## A MULTI-CORE SOC DESIGN FOR ADVANCED IMAGE AND VIDEO COMPRESSION

A. Dehnhardt, M. B. Kulaczewski, L. Friebe, S. Moch, P. Pirsch

Institut für Mikroelektronische Systeme Universität Hannover Appelstr. 4, 30167 Hannover, Germany H.-J. Stolberg, C. Reuter

videantis GmbH Schneiderberg 32 30167 Hannover, Germany

### ABSTRACT

A flexible SoC architecture and its hardware implementation targeting advanced MPEG-4 video coding and regionof-interest detection (ROI) is presented. The multi-core architecture integrates three fully programmable processors cores and various interfaces onto a single chip, all tied to a 64-Bit AMBA AHB bus. The processor cores are individually optimized to different computational characteristics, complementing each other to deliver high performance levels with high flexibility at reduced system cost. The SoC is fabricated in a 0.18  $\mu$ m 6LM standard-cell technology, occupies about 82 mm<sup>2</sup>, and operates at 145 MHz. A surveillance application example includes a MPEG-4 Simple Profile encoder with preceding ROI detection for superior compression results in full TV resolution.

## 1. INTRODUCTION

The tremendous progress in VLSI technology allows the integration of an ever-increasing number of transistors on a single chip. Likewise, continuous improvements in algorithm research lead to increasingly sophisticated multimedia signal processing applications, demanding a steadily rising amount of processing power. Due to the high innovation rate in this field, the development and standardisation process of these applications is characterized by rapid changes in the algorithms and tools used. A good example is the MPEG-4 video coding standard [1] of the Moving Picture Experts Group (MPEG), which has been introduced in 1999 with the Simple Profile, followed by-among others-the Advanced Simple Profile (ASP) in 2001, and its successor, MPEG-4 part 10 [2] or Advanced Video Coding (AVC), in 2003. In addition to these progresses in standardization, specialized schemes come into view to further improve compression efficiency for certain application domains, e.g., ROI detection for surveillance and closed-circuit television (CCTV).

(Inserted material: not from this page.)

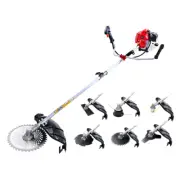 NNEDSZ 62CC Pole Chainsaw Petrol 7 In 1 Brush Cutter Whipper Snipper Multi Tools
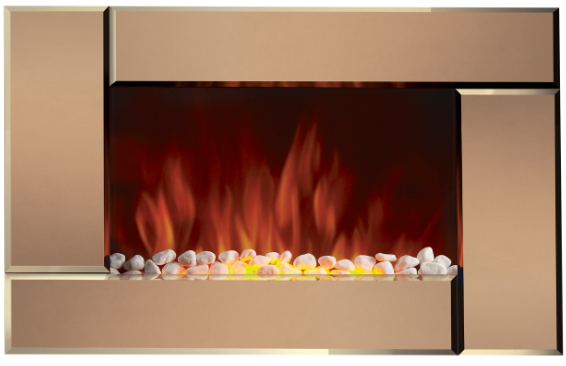 Электрокамин Electrolux EFP/W-2000S Bronze																		 — описание, фото, цены в интернет-магазине PT Stores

While the technological progress generally offers the potential to keep pace with the growing processing demands,

the suitability of an implementation for advanced multimedia processing is determined by the architectural concept employed, i.e., how the transistors are actually spent on the chip. In the era of system-on-chip (SoC), multiple processing units can be integrated together with an extensive choice of interface modules on a single chip. In order to meet the demands of multimedia signal processing applications, however, an SoC must provide, in addition to a high level of arithmetic processing power, a sufficient degree of flexibility, integrate a powerful on-chip communication structure, and employ a well-balanced memory system to account for the growing amount of data to be handled when targeting higher-quality applications, e.g., in the area of video.

Existing approaches are either narrowly focused on a specific set of algorithm options, such as dedicated chips for the MPEG-4 Simple Profile [3], or consist of a very general DSP processing core [4] without specialization towards particular properties of the targeted algorithm class, potentially lacking processing performance for schemes with special processing demands. An extension of a programmable core with dedicated modules, as, e.g., in the Trimedia [5], does not help when the functions that have been hard-wired change in a new version of a multimedia standard or in cases when non-standard functionality is demanded.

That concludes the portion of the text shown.